(Pictures with short captions)
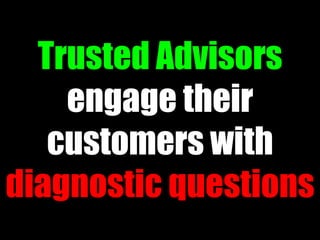 Trusted Advisors
1.“The shorter the
      engage their
 question, the more likely
 wecustomerslong
     are to get a with
 answer.”
diagnostic questions
                         49
 
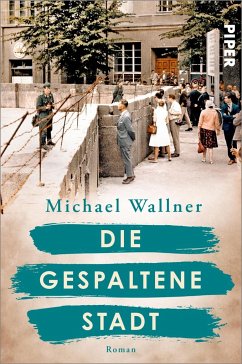 Die gespaltene Stadt / Schicksalsmomente der Geschichte Bd.1 - Wallner, Michael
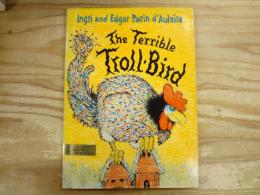 洋書絵本　The Terrible Troll-Bird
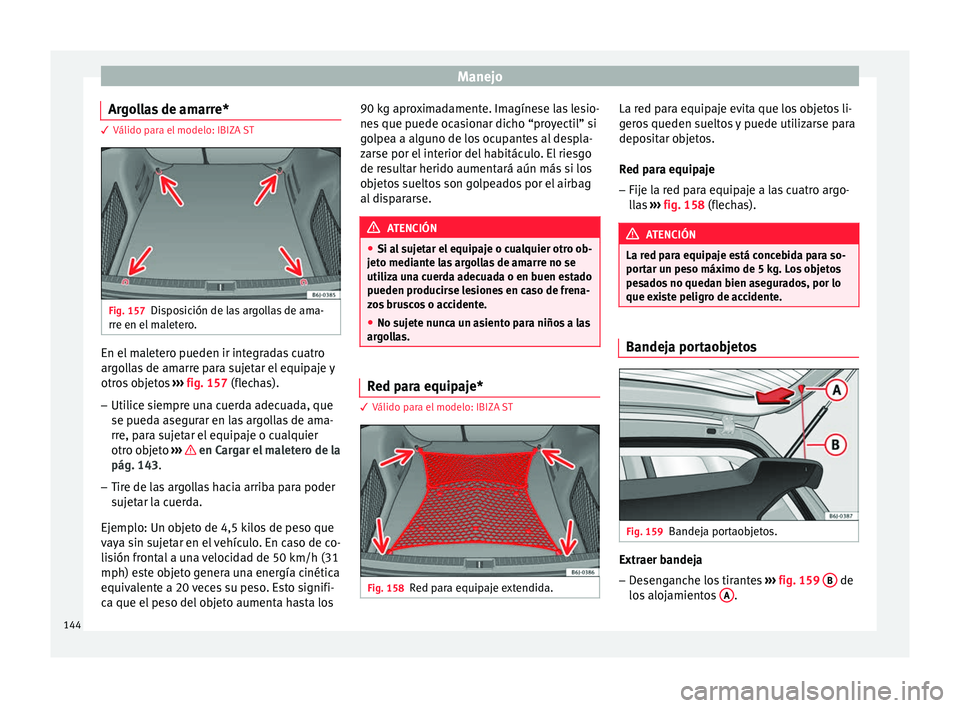 Seat Ibiza ST 2016 Manual de instrucciones (in Spanish) Manejo
Argollas de amarre* 3 Válido para el modelo: IBIZA ST
Fig. 157
Disposición de las argollas de ama-
rr e en el
mal
etero. En el maletero pueden ir integradas cuatro
ar
g
ol
las de amarre par Seat Ibiza ST 2016 Manual de instrucciones (in Spanish) Manejo
Argollas de amarre* 3 Válido para el modelo: IBIZA ST
Fig. 157
Disposición de las argollas de ama-
rr e en el
mal
etero. En el maletero pueden ir integradas cuatro
ar
g
ol
las de amarre par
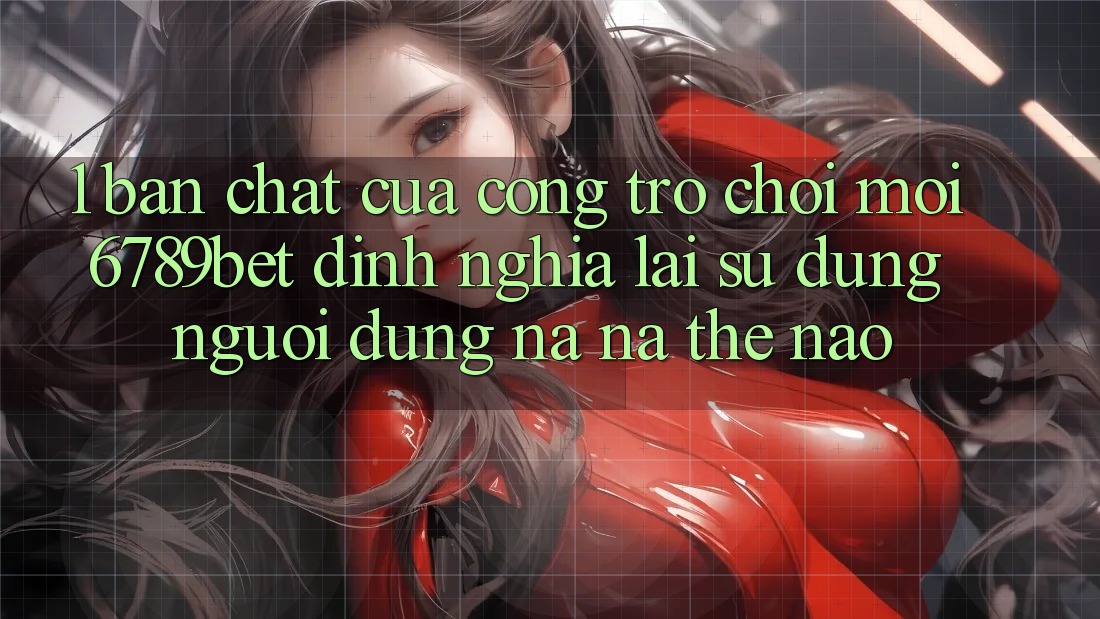 1. Bản Chất Của “Cổng Trò chơi Mới”: 6789bet Định Nghĩa Lại Sử dụng Người Dùng Na ná Thế Nào?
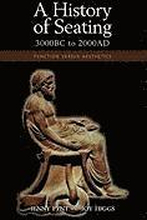 A History of Seating, 3000 BC to 2000 Ad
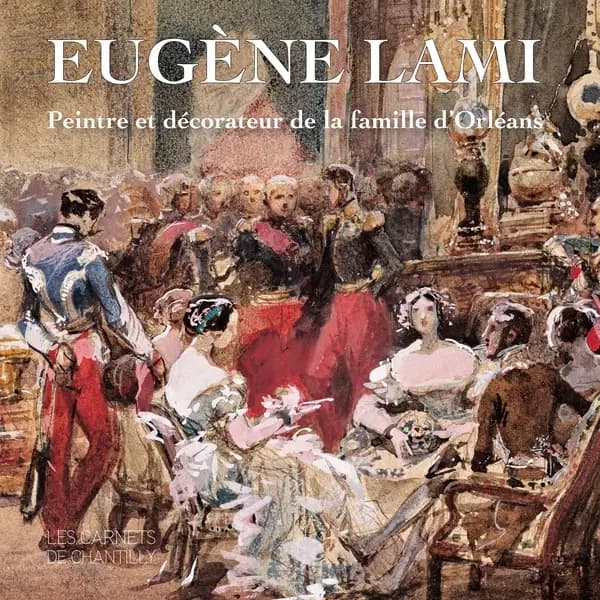 Eugène Lami : peintre et décorateur de la famille d'Orléans : [exposition, Domaine de Chantilly, Musée Condé, 23 février-19 mai 2019]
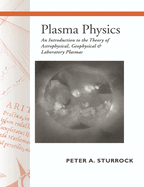 Plasma Physics: An Introduction to the Theory of Astrophysical, Geophysical and Laboratory Plasmas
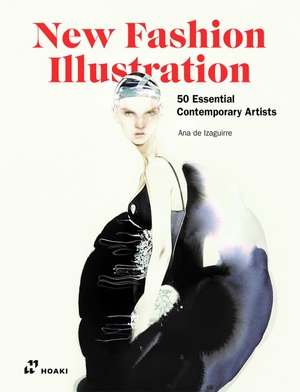 Izaguirre, Ana de. New Fashion Illustrators - 50 Essential Contemporay Artists. promopress, 2023.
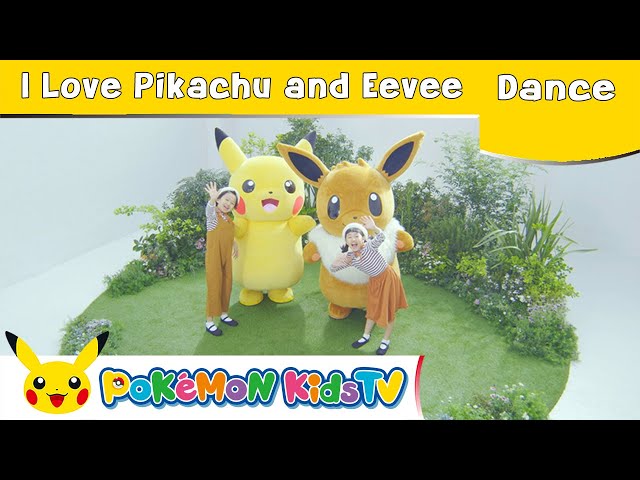 I Love Pikachu and Eevee Dance ver. | Kids Dance Song | Pokémon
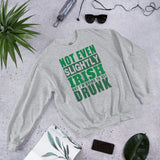 3 - Not even slightly Irish but I'm gonna get drunk - Unisex Sweatshirt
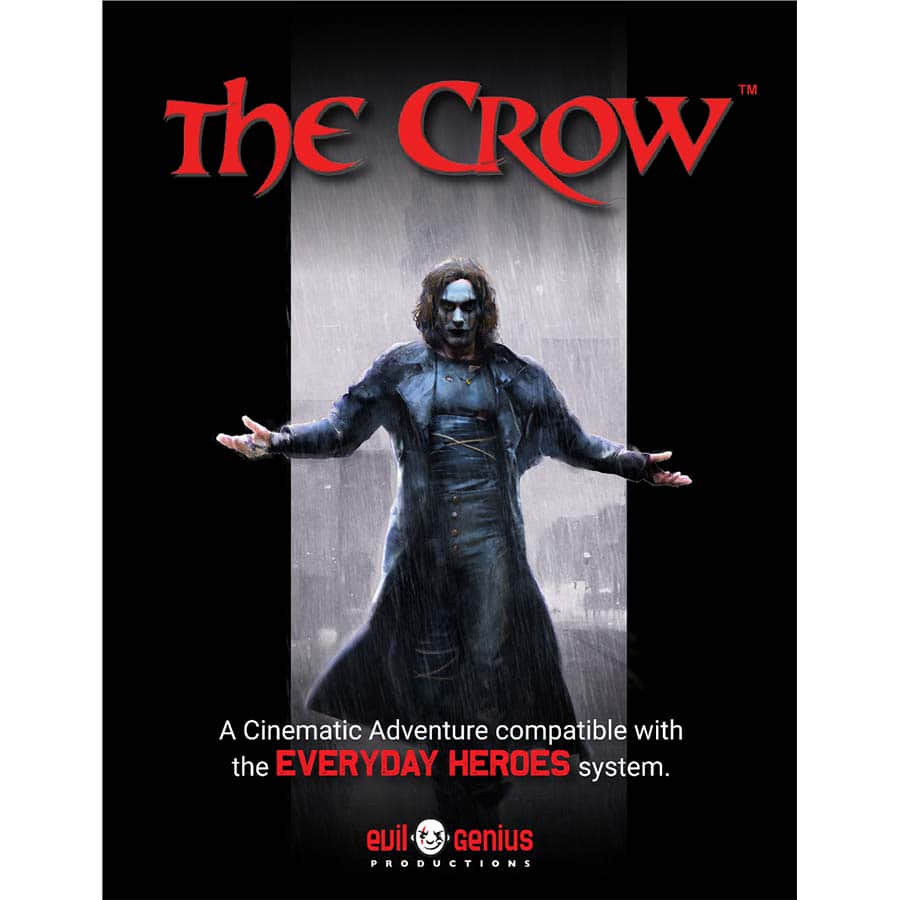 Everyday Heroes RPG: The Crow Adventure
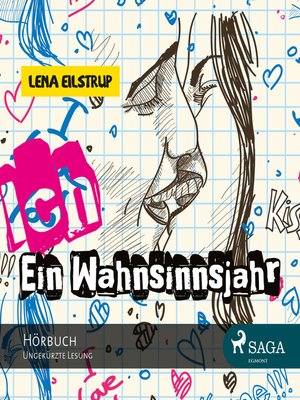 cover image of Ich--Ein Wahnsinnsjahr (Ungekürzt)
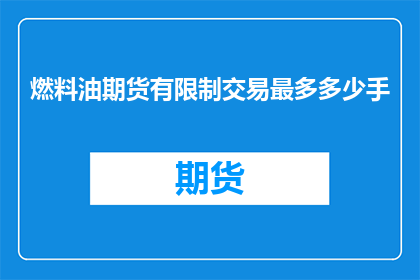 燃料油期货有限制交易最多多少手(燃料油期货市场交易限制：最多能交易多少手？)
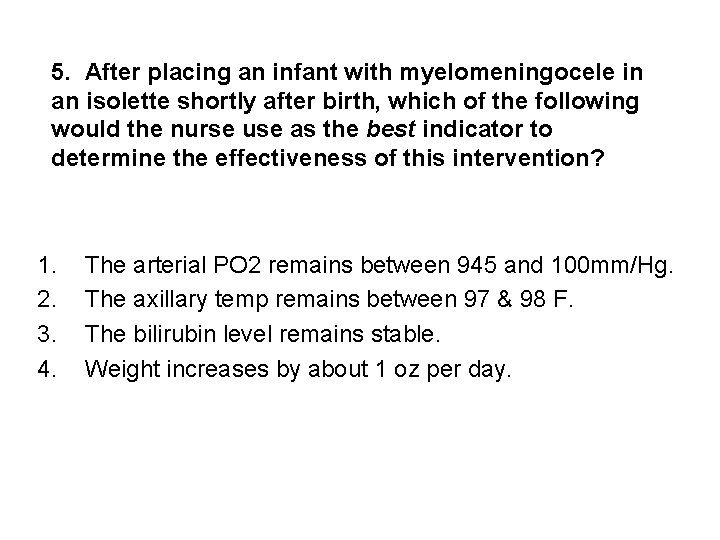 5. After placing an infant with myelomeningocele in an isolette shortly after birth, which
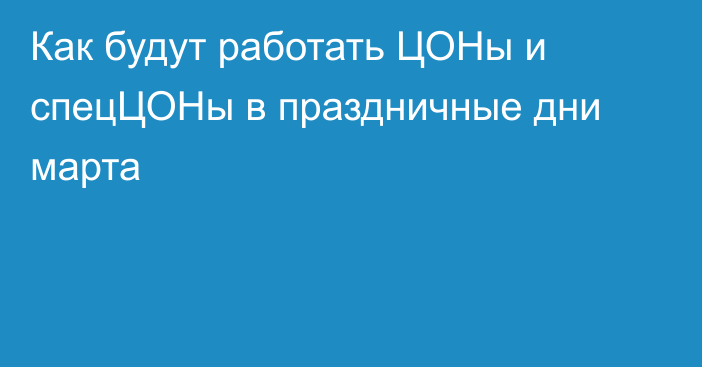 Как будут работать ЦОНы и спецЦОНы в праздничные дни марта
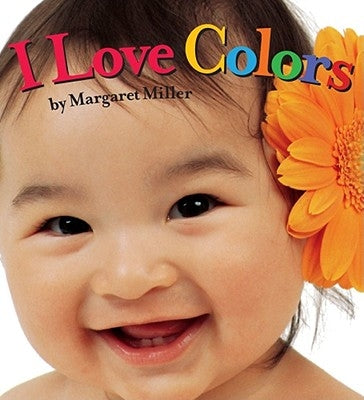 I Love Colors by Miller, Margaret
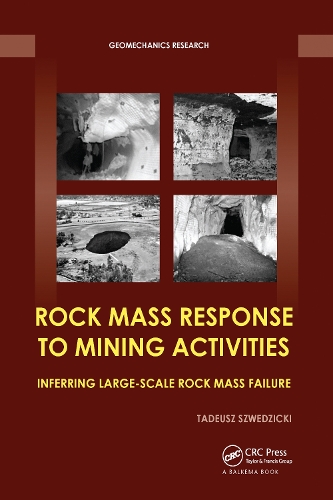 Rock Mass Response to Mining Activities: Inferring Large-Scale Rock Mass Failure.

• BRIEF:
Taking the entries above, copy word for word the lines from the one with "Plasma Physics: An" up to and including the one with "I Love Pikachu", without any picture.

• REPLY TO THE TASK:
 Plasma Physics: An Introduction to the Theory of Astrophysical, Geophysical and Laboratory Plasmas
 Izaguirre, Ana de. New Fashion Illustrators - 50 Essential Contemporay Artists. promopress, 2023.
 I Love Pikachu and Eevee Dance ver. | Kids Dance Song | Pokémon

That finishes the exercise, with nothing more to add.